Türk Medeni Kanunu’nda taşınmaz mülkiyetine ilişkin birtakım kısıtlamalar öngörülmüştür. Bunlar, komşuluk hukukundan doğan, belli bir kişi/kişiler bakımından veya herkese yönelik kısıtlamalar olmak üzere üç başlıkta incelenebilir. Çalışmamızda, komşuluk hukukundan doğan ve toplumun bir parçası olmanın doğal bir sonucu olarak taşınmaz mülkiyetine getirilen sınırlamalar incelenmiştir. Bu sınırlamaların amacı, komşular arası ilişkilerin sağlıklı yürümesi ve nihayetinde toplum içi huzurun ve esenliğin sağlanmasıdır. Bu sınırlamalar, TMK m. 737’deki aşırıya kaçmama ödevi, TMK m. 738’de yer alan kazı ve yapı sırasında zarar vermeme ödevi, TMK m. 740’daki ağaç, dal ve köklerine katlanma, TMK m. 742’deki akan suya katlanma, TMK m. 744’deki mecra geçirilmesine katlanma ve TMK m. 747’deki zorunlu geçit verme yükümlülükleri olarak sıralanabilir.
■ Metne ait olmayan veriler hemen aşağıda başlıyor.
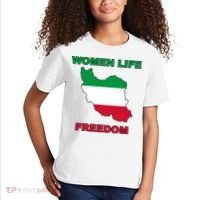 Women Life Freedom Iranian Mahsa Amini Kids T-Shirt thumb 2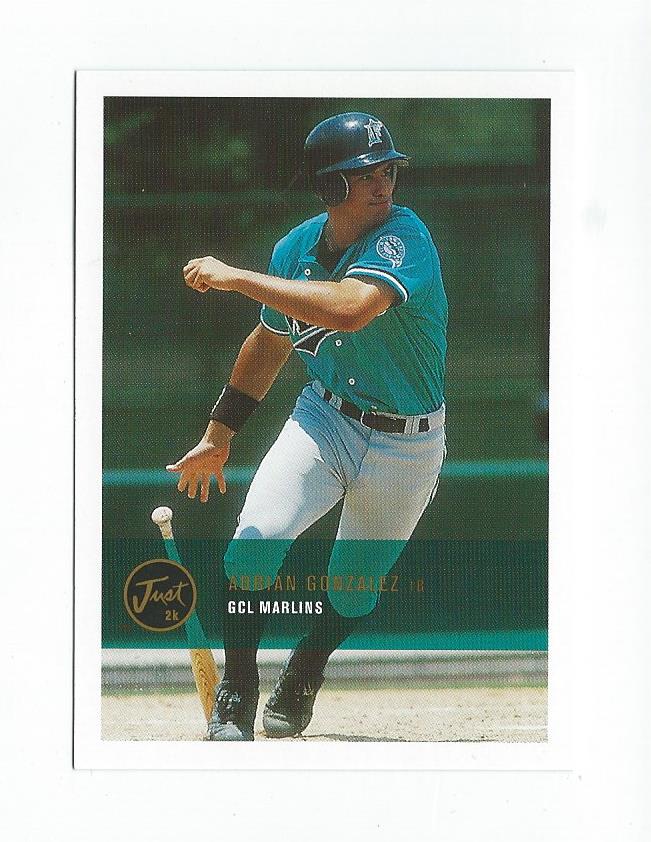 2000 Just #237 Adrian Gonzalez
Söz konusu sınırlamalar bakımından öncelikle komşu kavramı ve sınırlamaların kimlere uygulanacağı belirlenmelidir. Süregelen anlayış, taşınmazın doğrudan etki alanına giren kimselerin komşu olacağı yönündedir. Buna karşın, kişilerin komşu olarak değerlendirileceği noktasında günümüzdeki gelişmeler göz önüne alındığında, geniş bir yorum yapılması yararlı olacaktır. Nitekim sınırdaş olunmasa da taşınmazın etki alanına girebilmek mümkündür.